# PROBLEM DETAILS
Retype the data exactly, from its first line to the line containing "Hello! In this", including both, and skip any picture.

-- Opening Marker --

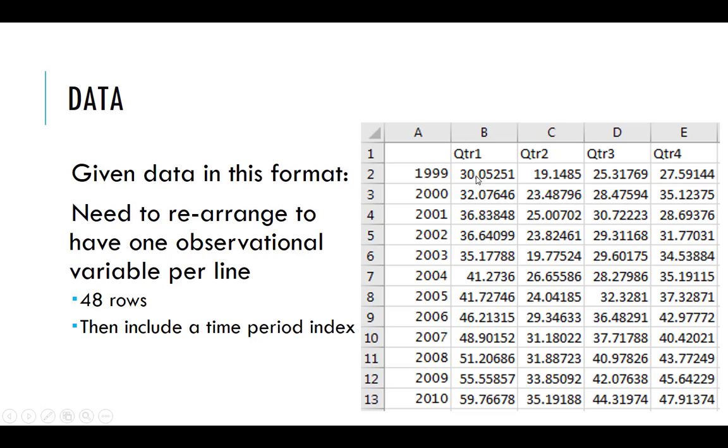And these are in, obviously this is not just a number of people, right? This is number of overnight stays in millions. So we have one, two, three, four, and then 12 years of data. So we have 48 different data points.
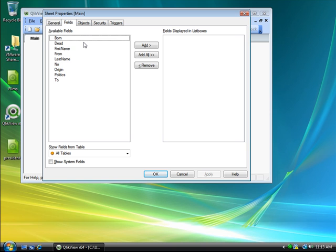The loaded fields are now displayed in the sheet property dialog. I can click Add All to add list boxes for every field in the model, or I can be selective.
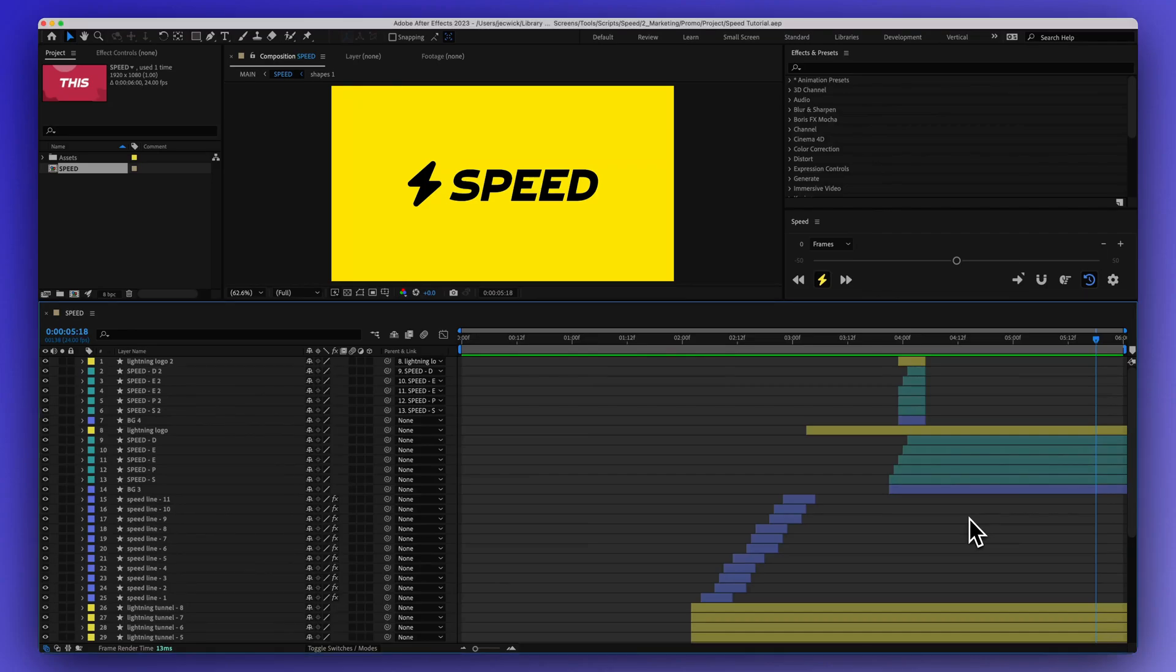Hey everyone, Jeremy here with AEScreens, and in this video I'm going to be showing you my latest After Effects tool called Speed.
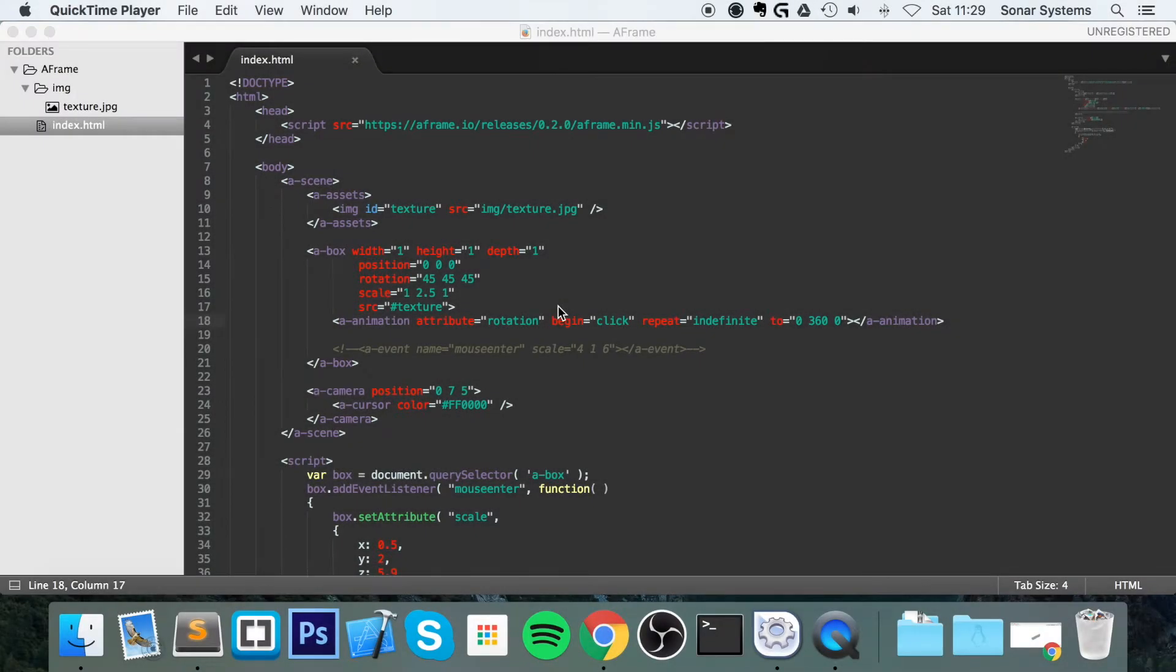Hello! In this A-Frame WebVR tutorial, we're going to take a look at lighting.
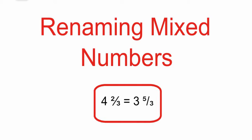In this video, we will be renaming mixed numbers. You guys may not have known this, but every whole number can be written as a mixed number. So I'm going to show you that now.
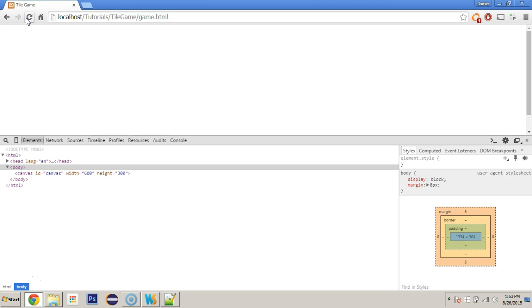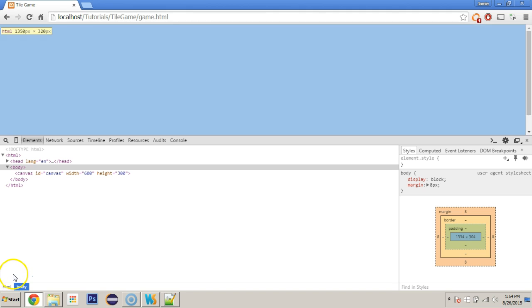We have a canvas and we have a width of 600 and a height of 300. We've created the display class, set everything up, and got the canvas running. In the next tutorial I think we will start drawing to the canvas and doing a little bit more with the actual game — maybe even setting up our core game class. Alright, I will see you there.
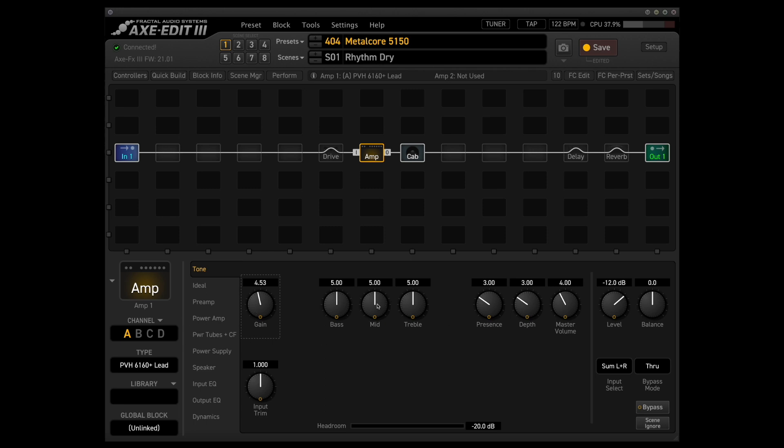I'll dial back the mids just a little bit since if I'm using a tone like this, I'm probably going to be double tracking it. So we really don't want it to get too mid heavy there. So we have some space for the lead guitars.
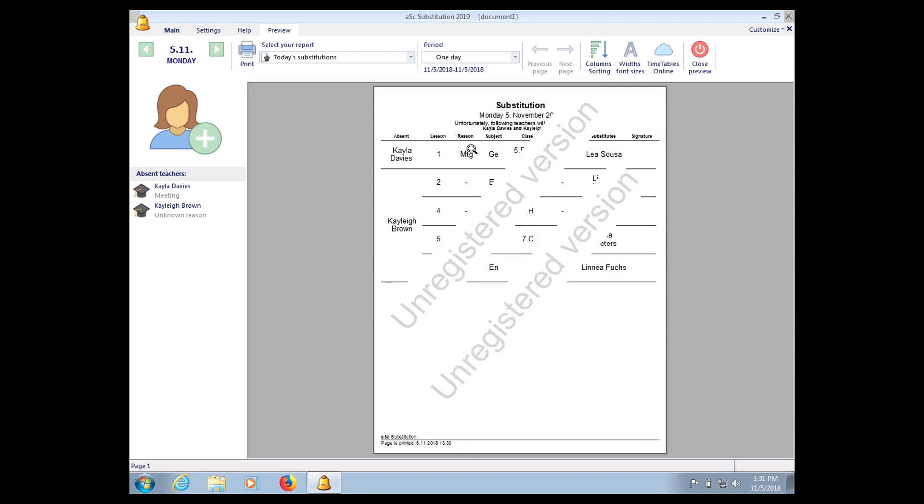So you can see the absent lessons, reasons, subject reasons, all this to your advantage. Do you want to put in or don't put in? So class substitutes, who's substituting, and the signature. Okay, thank you.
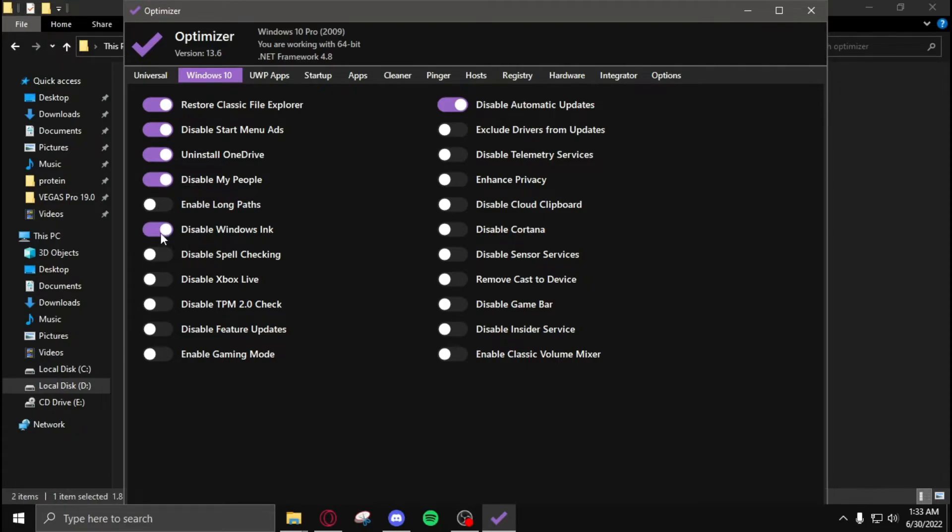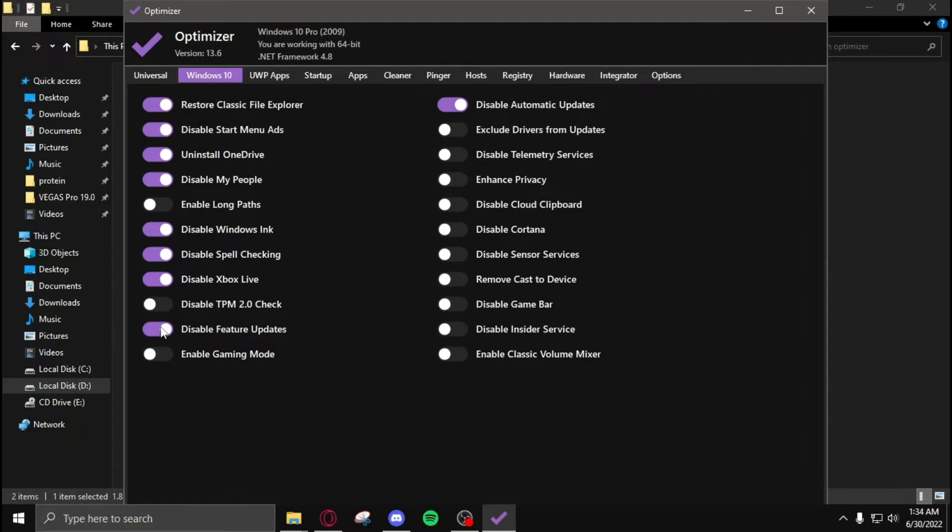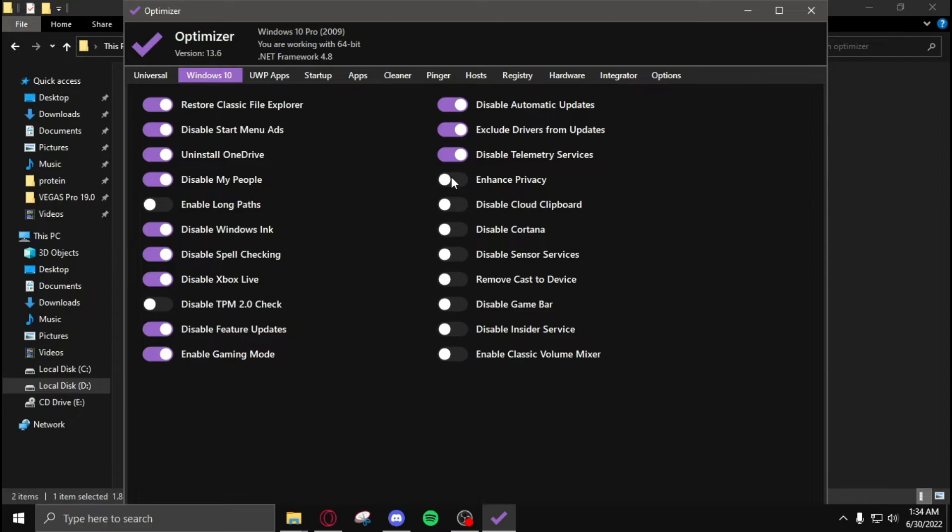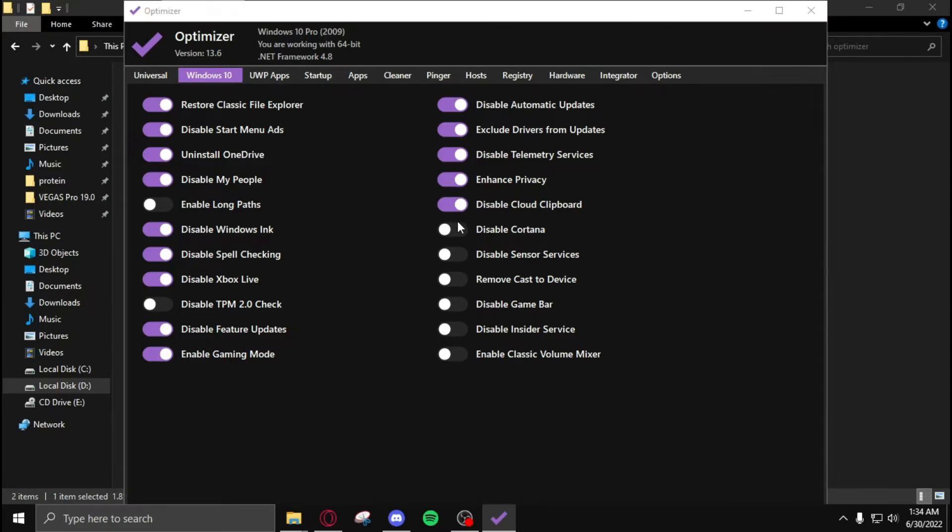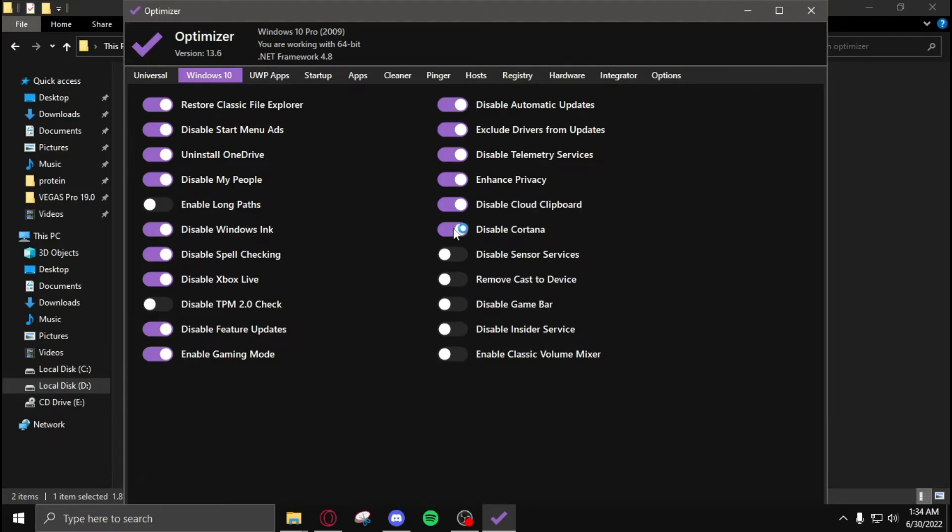disable Windows ink, disable spell checking, disable Xbox Live, disable feature updates, enable gaming mode, exclude drivers from Windows updates, disable telemetry services, enhance privacy, disable cloud clipboard, disable Cortana, disable sensor services, disable game bar, disable insider service.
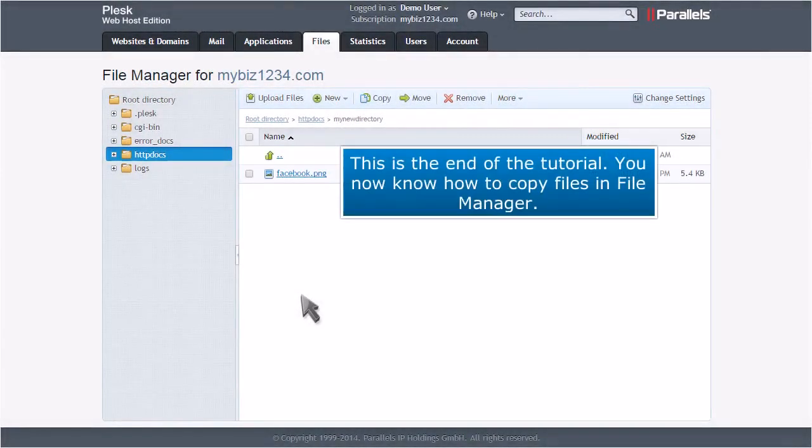This is the end of the tutorial. You now know how to copy files in File Manager.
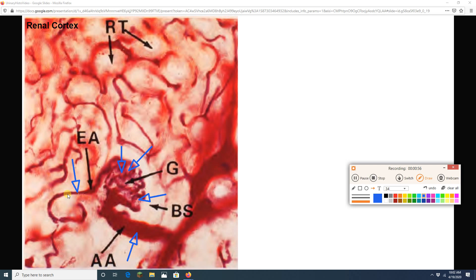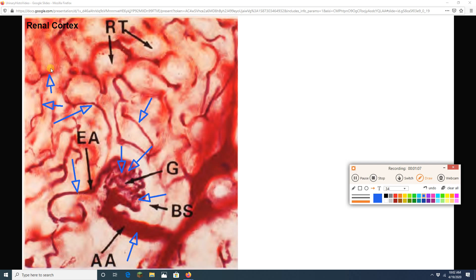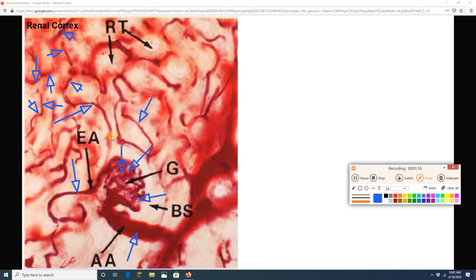From my efferent arterioles, we are going to see lots of its branches. So all of these guys are peritubular capillaries, capillaries surrounding the proximal and distal convoluted tubules, capillaries where we're going to be reabsorbing good stuff from the filtrate and secreting bad stuff into it.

-- Closing Marker --

# ANSWER TO THIS TASK
And these are in, obviously this is not just a number of people, right? This is number of overnight stays in millions. So we have one, two, three, four, and then 12 years of data. So we have 48 different data points.
The loaded fields are now displayed in the sheet property dialog. I can click Add All to add list boxes for every field in the model, or I can be selective.
Hey everyone, Jeremy here with AEScreens, and in this video I'm going to be showing you my latest After Effects tool called Speed.
Hello! In this A-Frame WebVR tutorial, we're going to take a look at lighting.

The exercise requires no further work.